DATA EXCERPTS =>
·····

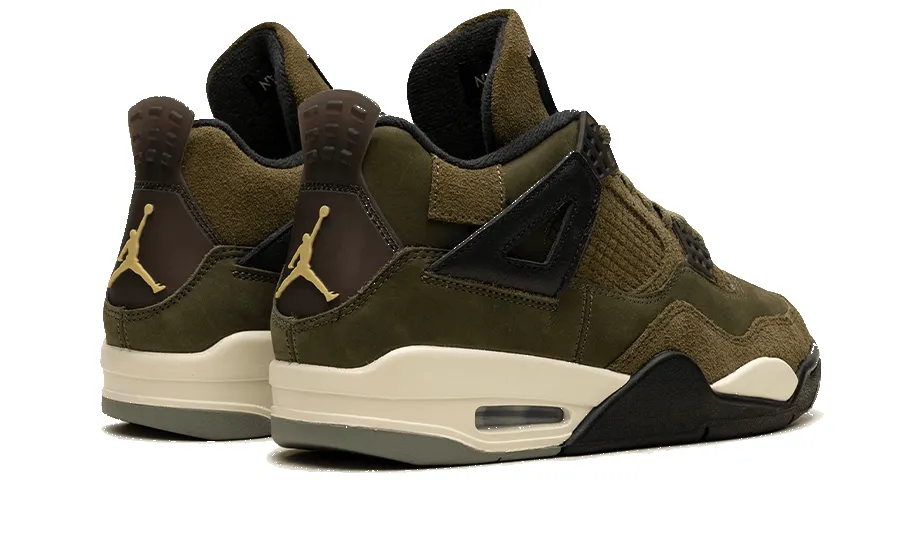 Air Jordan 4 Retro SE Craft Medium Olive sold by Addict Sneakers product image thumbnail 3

·····

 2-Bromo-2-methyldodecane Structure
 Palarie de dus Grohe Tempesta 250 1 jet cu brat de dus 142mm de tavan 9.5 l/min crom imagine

·····

GOAL OF THE EXERCISE =>
Leave out every line above except those from the line with "2-Bromo-2-methyldodecane Structure" up to and including the line with "Palarie de dus", and copy those exactly.

REPLY TO THE TASK =>
 2-Bromo-2-methyldodecane Structure
 Palarie de dus Grohe Tempesta 250 1 jet cu brat de dus 142mm de tavan 9.5 l/min crom imagine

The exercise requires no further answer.